### Stored data

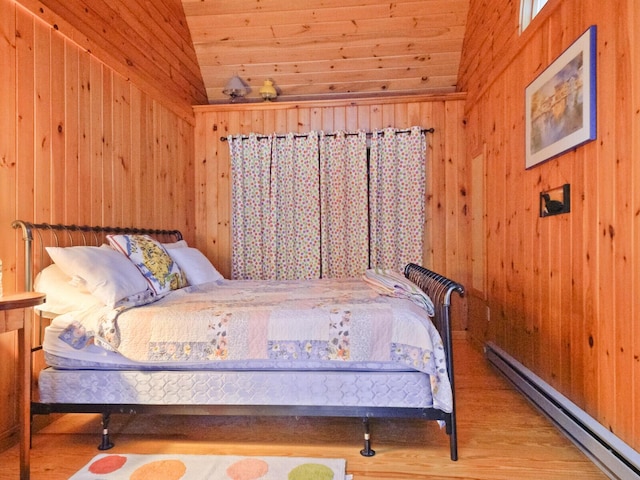 bedroom featuring wood walls, a baseboard radiator, vaulted ceiling, and wood finished floors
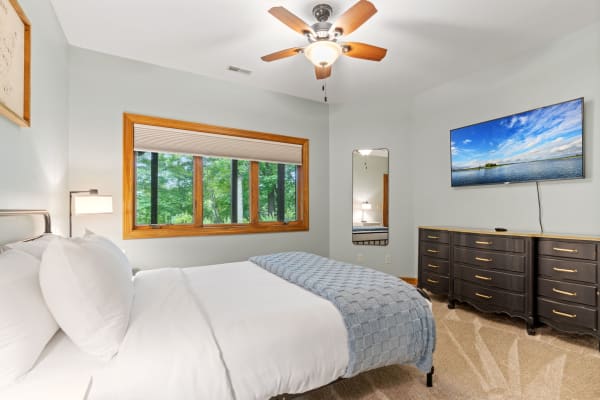 Cozy bedroom featuring a neatly made bed, large windows with greenery view, and modern decor.
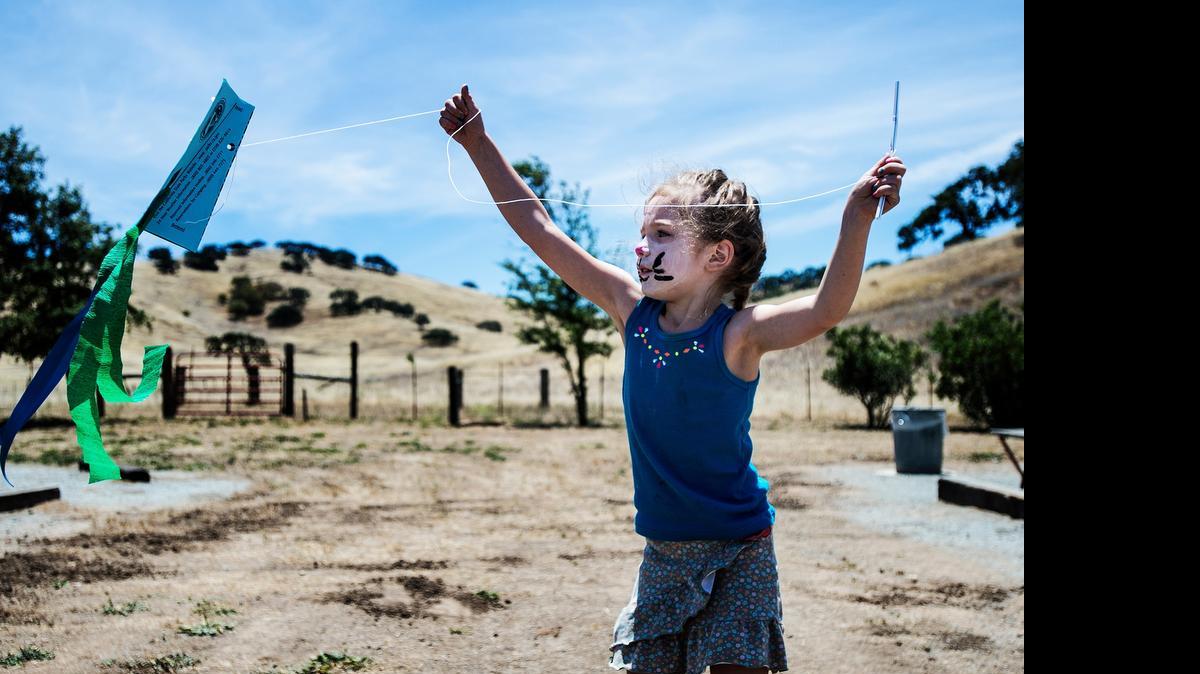 
Charlotte Aeschleman, 5, of Hollister tries out a kite she built during Family Kite Day at Pacheco State Park on Saturday. The event offered face painting, kite building, a bubble-gum-blowing competition and a pie-eating contest.
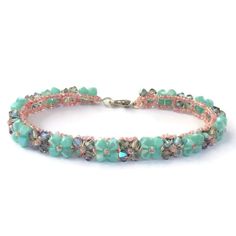 A Handmade Bracelet Woven Mint Green Glass Crystals With A Pearlescent Shine And Gray Green Glass Crystals With A Green Rainbow Iridescent Finish. Accented With Pretty Pink Seed Beads. Made With Extra Strong Beading Thread For Durability. Measures Approximately 7.5 Inches, But Can Be Made Any Length At Your Request. Not Intended For Children Under 12. Pretty Seed Bead Bracelets, Pink Bracelets For Spring Parties, Spring Party Pink Bracelets, Spring Turquoise Bracelet Jewelry, Spring Turquoise Jewelry Bracelet, Spring Beaded Bracelet For Parties, Elegant Pink Beaded Bracelets For Summer, Handmade Pastel Jewelry For Spring, Handmade Turquoise Beaded Bracelets For Spring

### What is needed
Give back the material above word for word; no picture belongs in it.

### Response to this task
 bedroom featuring wood walls, a baseboard radiator, vaulted ceiling, and wood finished floors
 Cozy bedroom featuring a neatly made bed, large windows with greenery view, and modern decor.
Charlotte Aeschleman, 5, of Hollister tries out a kite she built during Family Kite Day at Pacheco State Park on Saturday. The event offered face painting, kite building, a bubble-gum-blowing competition and a pie-eating contest.
 A Handmade Bracelet Woven Mint Green Glass Crystals With A Pearlescent Shine And Gray Green Glass Crystals With A Green Rainbow Iridescent Finish. Accented With Pretty Pink Seed Beads. Made With Extra Strong Beading Thread For Durability. Measures Approximately 7.5 Inches, But Can Be Made Any Length At Your Request. Not Intended For Children Under 12. Pretty Seed Bead Bracelets, Pink Bracelets For Spring Parties, Spring Party Pink Bracelets, Spring Turquoise Bracelet Jewelry, Spring Turquoise Jewelry Bracelet, Spring Beaded Bracelet For Parties, Elegant Pink Beaded Bracelets For Summer, Handmade Pastel Jewelry For Spring, Handmade Turquoise Beaded Bracelets For Spring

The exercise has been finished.